Offenbar geht es im Artikel "Europas IdealistInnen und die Antikriegsbewegung" um eine Abrechnung - aber mit wem? Mit der "Linken", die angeblich 1999 den Nato-Krieg gegen Jugoslawien unterstützt hat? Wirft er den MittelschülerInnen von heute vor, damals nicht protestiert zu haben, als sie in ihrer grossen Mehrheit noch gar nicht MittelschülerInnen waren? Soll die ganze Protestbewegung gegen den Krieg auf dem Misthaufen der Geschichte landen, weil sie zu "unpolitisch" ist?
Es wäre tatsächlich interessant zu vergleichen, wie Diskussionen und Engagement 1999 rund um den Nato-Krieg gegen Jugoslawien abgelaufen sind im Vergleich zum aktuellen Krieg gegen den Irak. Warum spielte damals die Frage eines Uno-Mandates nur eine Nebenrolle? Im Zentrum stand das Thema "humanitäre Intervention".
Drängt sich der Vergleich "Jugoslawien - Irak" auf, um die Protestbewegung gegen den Irak-Krieg beurteilen zu können? Wäre eine Gegenüberstellung mit dem Krieg gegen Afghanistan nicht mindestens ebenso angemessen? Oder mit dem Krieg gegen Irak von 1991? Wäre vielleicht ein Vergleich mit einem jener andern Kriege auf unserem Globus, die weniger auf das Interesse der internationalen Medienöffentlichkeit stossen, nicht ebenso bedeutungsvoll?
War die Protestbewegung der SchülerInnen Ausdruck der Konformität, wie es der Artikel anprangert? Und bildeten die FriedensaktivistInnen die "ideologischen Hilfstruppen des deutsch-französischen Europa"? Beide Unterstellungen laufen meines Erachtens ins Leere.
Manifestationen der Konformität sind von der politischen Führung organisierte Massenaufmärsche wie etwa in Nordkorea. Es ist absurd, jener Minderheit, die sich mit der Beteiligung an Demonstrationen exponiert hat, vorzuwerfen, dass die Mehrheit in der Bevölkerung und auch unter den politischen Parteien ebenfalls gegen diesen Krieg war.

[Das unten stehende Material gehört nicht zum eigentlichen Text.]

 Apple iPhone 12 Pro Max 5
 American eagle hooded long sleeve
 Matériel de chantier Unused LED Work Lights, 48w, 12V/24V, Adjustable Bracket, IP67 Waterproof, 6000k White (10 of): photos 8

Es ist ein gar simples schwarz-weissSchema, dass wer gegen die Kriegspolitik der US-Regierung protestierte, damit die deutsche und französische Politik unterstützte. Warum eigentlich nicht auch die russische, chinesische und mexikanische? Oder gar die schweizerische? Zum Widerstand der Mehrheit der Staaten in der Uno und im Sicherheitsrat darf - unabhängig von den jeweiligen Motiven der verschiedenen Staaten - auf jeden Fall positiv angemerkt werden, dass in den letzten Jahren nichts so wie dieser Widerstand in breitesten Kreisen das Bewusstsein der Bedeutung des Völkerrechts für die Regelung der internationalen Beziehungen geweckt hat. Dies muss für die anstehenden institutionellen Reformen der Uno fruchtbar gemacht werden.

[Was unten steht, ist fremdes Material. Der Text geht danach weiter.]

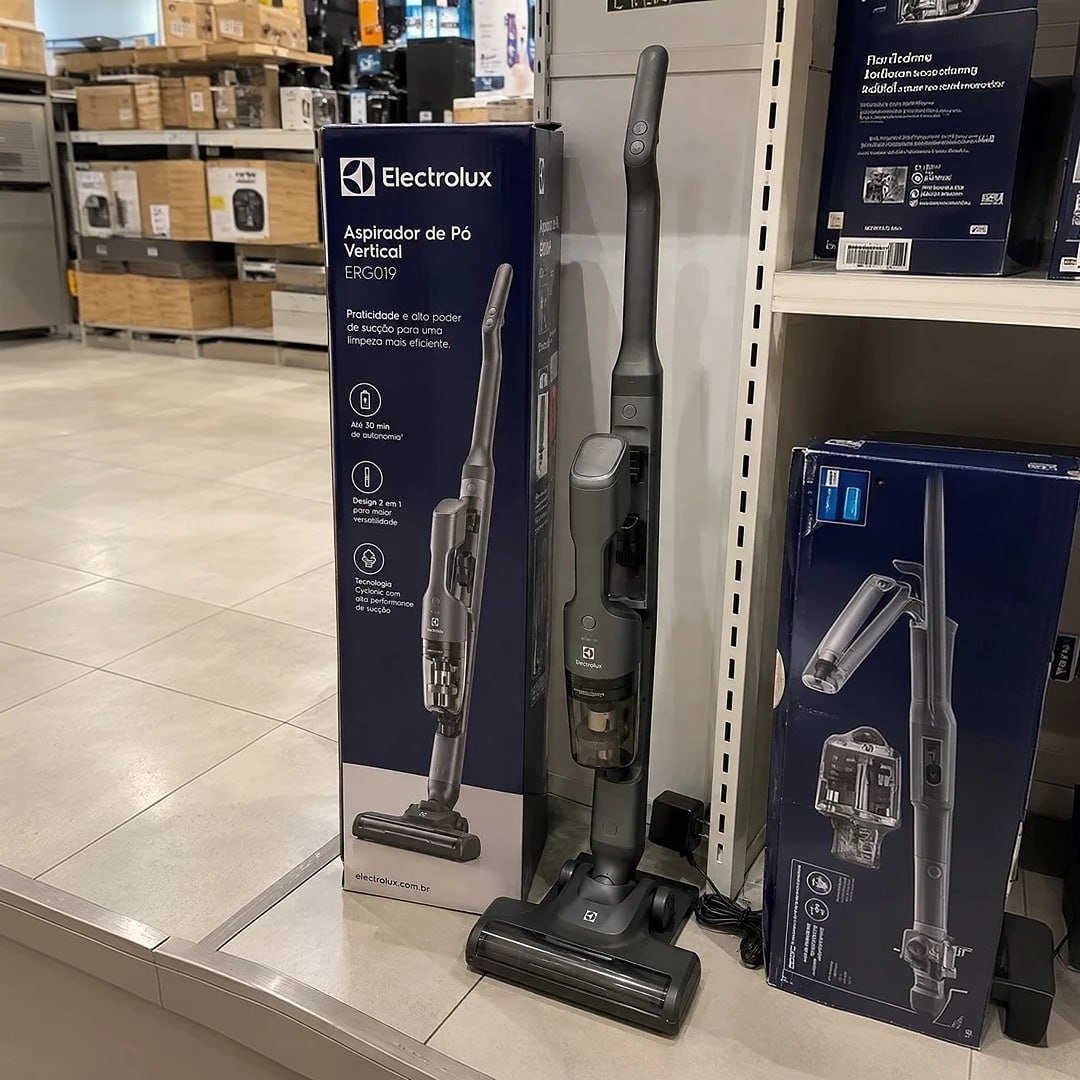 Aspirador de Pó Vertical Electrolux ERG019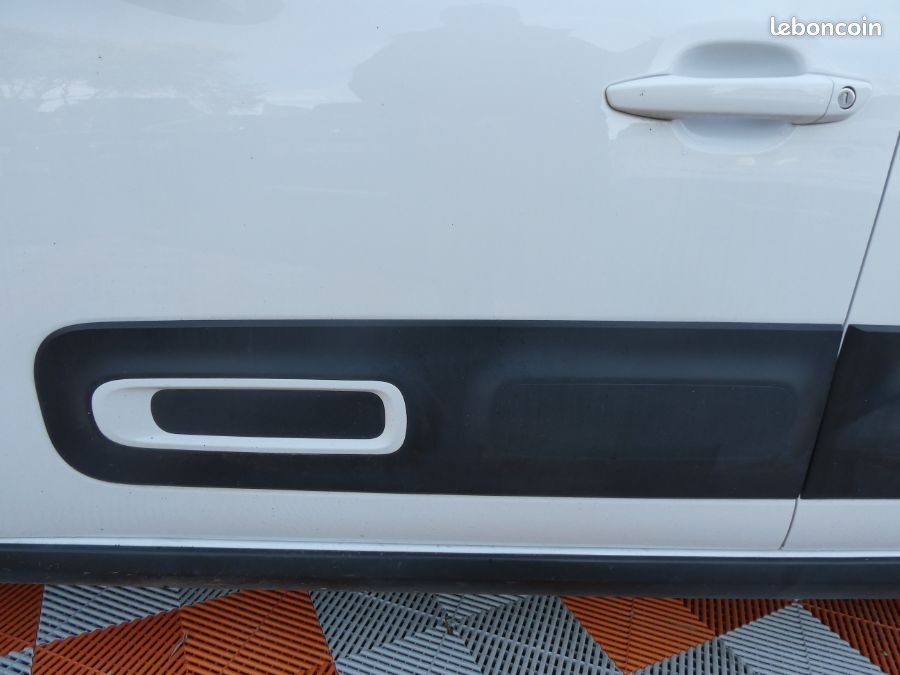 Citroën C3 Société 1.2 PureTech 83 Ph.2 FEEL NAV Radar 2PL 8950HT (image 15)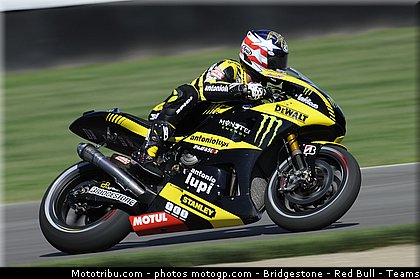 motogp_edwards_027_indianapolis_2011.jpg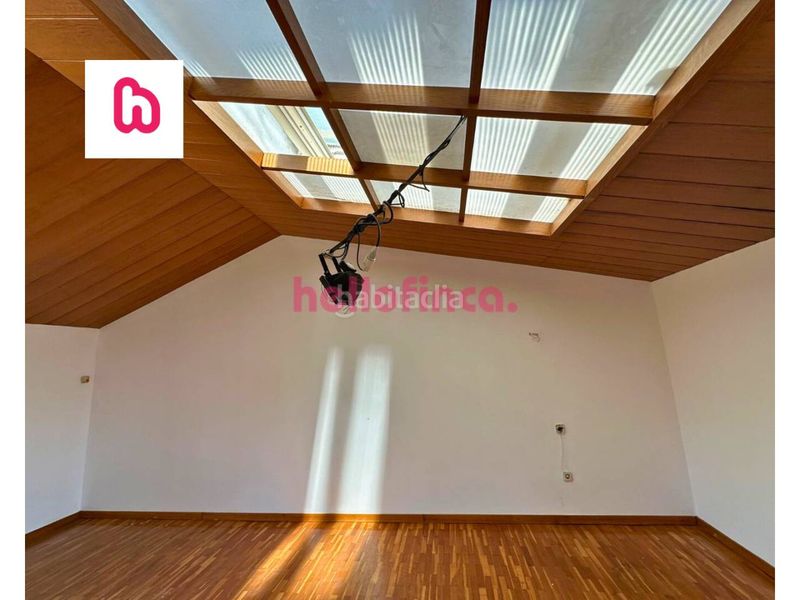 Foto a8337223-ac06-4d0f-bb09-59f7eb7e3a3a. Dúplex amb calefacció a Centre Vic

Die Frage, wie politisch oder politisiert diese Jugend ist, stellt sich durchaus. Und da sind grosse Fragezeichen angebracht. Aber ist das ein Vorwurf an die Jugendlichen? Oder an die Protestbewegung? Als ich vor vierzig Jahren als Sechzehnjähriger am ersten Ostermarsch gegen die Atomwaffen teilnahm, war ich politisch ziemlich unbedarft. Aber meine Politisierung hat mit diesem Marsch begonnen, dank Gruppierungen und Organisationen, die mir ein weiter gehendes und kontinuierliches Engagement ermöglicht haben.

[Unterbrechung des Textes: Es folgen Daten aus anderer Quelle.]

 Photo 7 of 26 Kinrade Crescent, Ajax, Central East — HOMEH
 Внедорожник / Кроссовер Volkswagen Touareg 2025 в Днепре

Die Frage ist also nicht, wie politisch oder unpolitisch die Jugendlichen sind, sondern vielmehr, was die Organisationen, die die Grosskundgebungen organisiert haben, diesen Jugendlichen inhaltlich angeboten haben. Und da hat es tatsächlich nicht rosig ausgesehen. Über platten Antikapitalismus und simplen Antiamerikanismus hinaus sind die Aufrufe und die meisten Kundgebungsreden kaum gekommen. Perspektiven über das Nein zum Krieg hinaus hatte das Bündnis gegen den Krieg kaum anzubieten. Entsprechend ist es nach dem Sieg der USA und ihrer Kriegskoalition still und leise von der politischen Bühne entschwunden.
Die Friedensorganisationen sind herausgefordert, hier Perspektiven anzubieten oder zu entwickeln.
Ruedi Tobler ist Präsident des Schweizerischen Friedensrates (www.friedensrat.ch).